Gestion de l'IRNR : modèle 210 et autoliquidations
Nous préparons et présentons le modèle 210 pour les revenus perçus en Espagne sans établissement stable : locations de biens immobiliers (trimestrielles ou annuelles), plus-values sur cession de biens immobiliers ou de valeurs mobilières, dividendes et intérêts lorsqu'ils n'ont pas fait l'objet d'une retenue suffisante, et revenus imputés de biens immobiliers. Nous appliquons les exonérations et réductions des conventions fiscales lorsqu'elles sont plus favorables que la LIRNR.
Gestion des retenues : modèles 216 et 296
Lorsque le non-résident perçoit des revenus soumis à retenue espagnole (loyers d'entrepreneurs, dividendes, intérêts versés par des entités espagnoles), nous coordonnons avec le débiteur espagnol la correcte application du taux de retenue de la convention, l'attestation de la résidence fiscale du bénéficiaire et le formulaire correspondant de la convention. Nous présentons le modèle 216 (autoliquidation trimestrielle des retenues) et le 296 (récapitulatif annuel).
Conformité des établissements stables
Les entités non-résidentes qui opèrent en Espagne par le biais d'un établissement stable (bureau, succursale, agent dépendant) ont des obligations similaires à celles d'une société espagnole : dépôt de l'IS (impôt sur les sociétés) via le modèle 200 EP, retenues sur les paiements à des tiers et obligations censitaires. Nous gérons l'immatriculation et la conformité périodique de l'EP, ainsi que l'analyse des risques que l'activité en Espagne ait créé un EP involontaire.
Le défi
Les personnes physiques et morales non-résidentes en Espagne qui perçoivent des revenus de source espagnole — locations de biens immobiliers, dividendes, intérêts, plus-values, activités économiques — sont tenues de s'acquitter en Espagne de l'IRNR (impôt sur le revenu des non-résidents).
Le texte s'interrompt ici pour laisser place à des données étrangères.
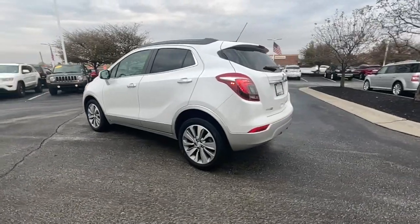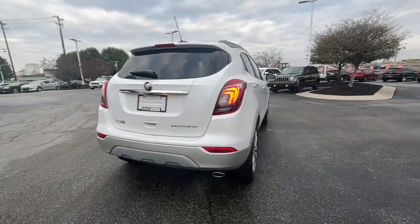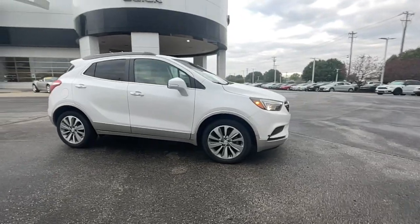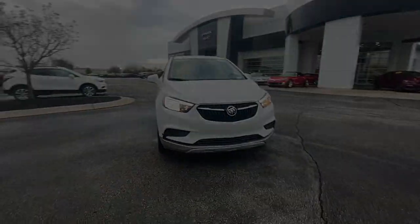The Encore has all the tools to help you navigate your world, from technology that keeps you connected to nimble handling, power and efficiency, all wrapped in a sleek, luxurious package. These are just some of the great options this vehicle comes with: electronic stability control.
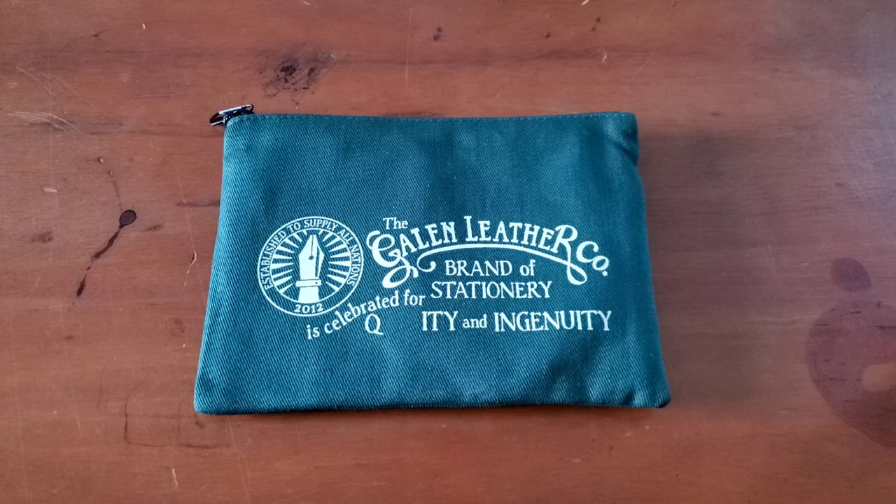Hello everyone, Logan from Curated Avalon. Today I have an order from the Galen Leather Company. I have purchased from them in the past, maybe once or twice, but it has been a few years since I've bought from them.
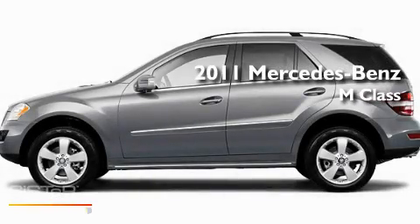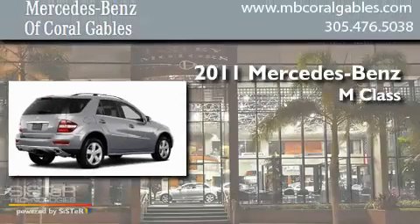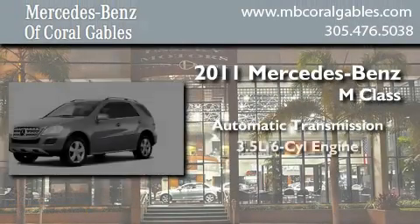This is a brand new 2011 Mercedes-Benz M-Class. This crossover has an automatic transmission and a six-cylinder engine.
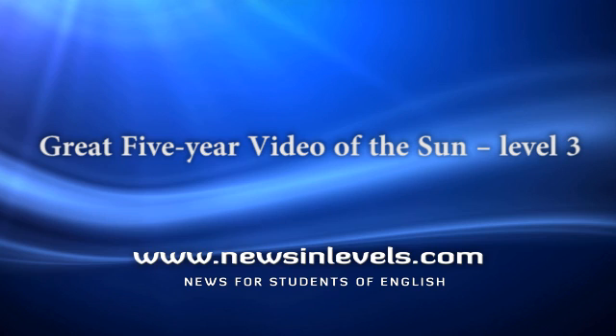NASA released the footage in honor of the Solar Dynamics Observatory's fifth anniversary. The observatory's aims are to improve our understanding of the Sun's energy and its effects on Earth and near-Earth space.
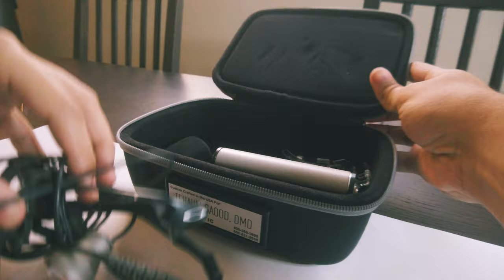Dental loops are a critical tool in this modern era of dentistry. In this video, we'll be going over everything you need to know to make the best decision for yourself buying your own pair of dental loops.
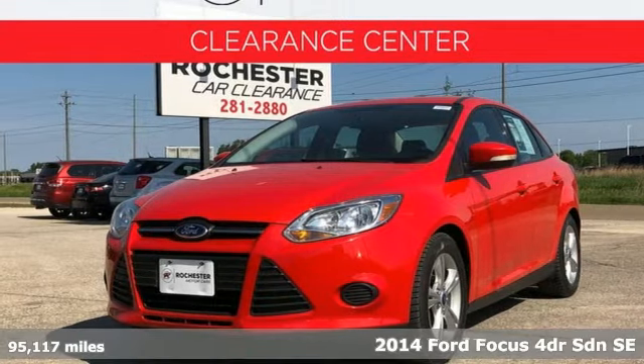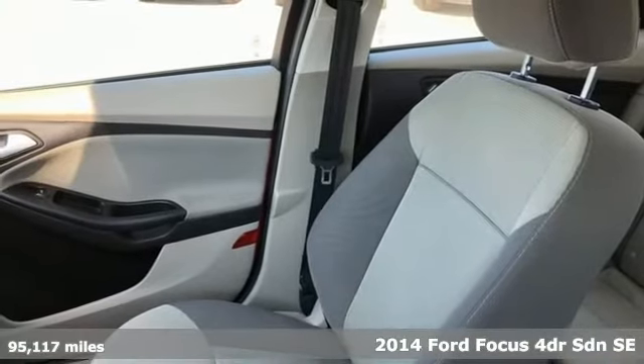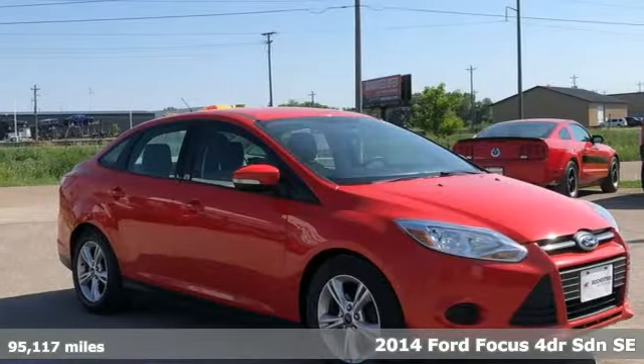It's a 2014 Ford Focus. Grace the roads with a car that's as fun to drive as it is efficient. It comes with great features you'll love.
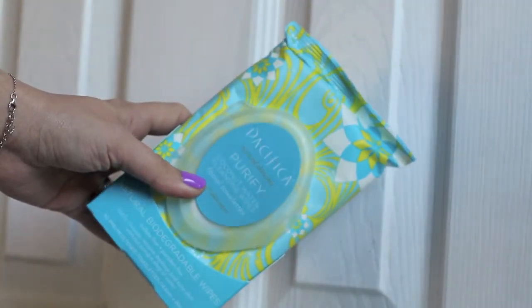Another skincare product I've been loving are the Pacifica Purified Coconut Water cleansing wipes. I really love the way they smell — so refreshing. They do a good job of taking my makeup off and they sort of exfoliate my skin a little bit, scrubbing away any dry skin. They smell so good that when I throw them in the wastebasket in the bathroom and go to dump it, I smell this overwhelming scent of coconut water. It's just amazing.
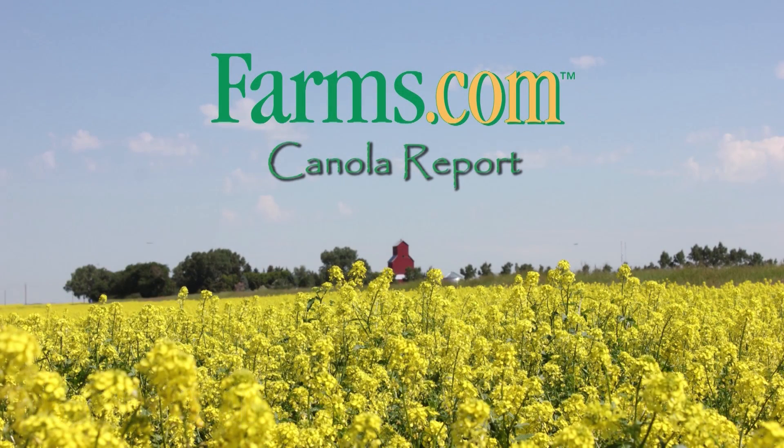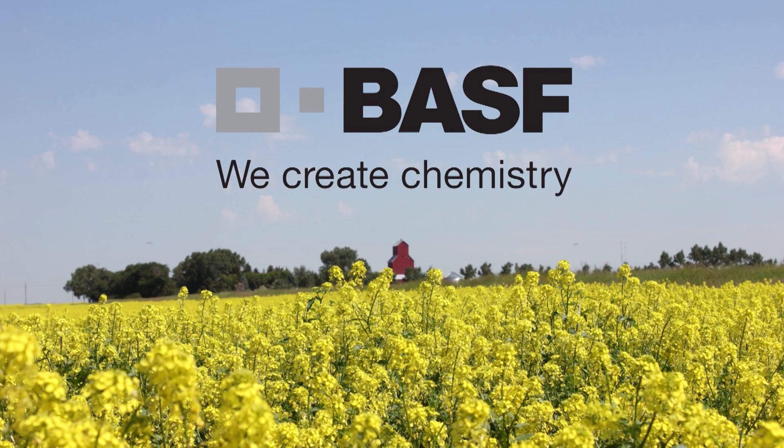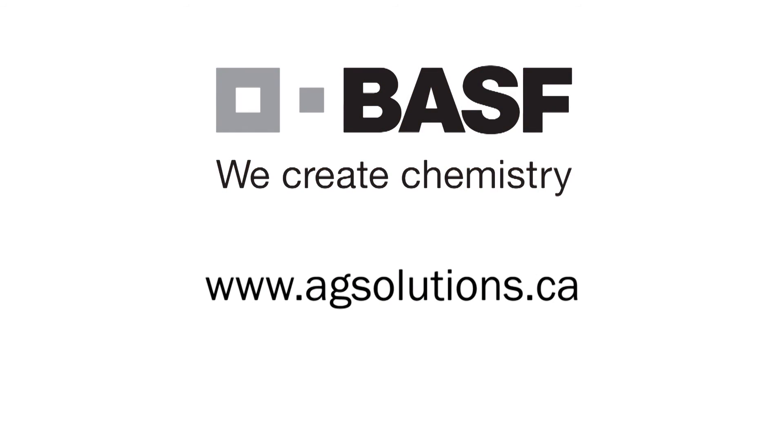The farms.com canola report has been brought to you by the Clearfield production system for canola and BASF Canada. Visit www.agsolutions.ca.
Dans de nombreux cas, notamment pour les contribuables de pays hors Union européenne, la réglementation espagnole impose la désignation d'un représentant fiscal agissant devant l'administration fiscale. Sans représentant, l'entité manque à ses obligations et l'AEAT peut sanctionner à la fois le non-résident et le retenador espagnol.
Notre solution
Nous agissons en qualité de représentants fiscaux de personnes physiques et morales non-résidentes en Espagne : nous gérons l'immatriculation auprès de l'AEAT par désignation notariale, présentons les modèles 210 (IRNR trimestriel ou annuel), 216 (retenues) et 296 (récapitulatif annuel), conseillons sur l'application des conventions fiscales, et gérons la conformité fiscale des propriétaires étrangers de biens immobiliers, des sociétés ayant des établissements stables et des entités percevant des revenus passifs en Espagne.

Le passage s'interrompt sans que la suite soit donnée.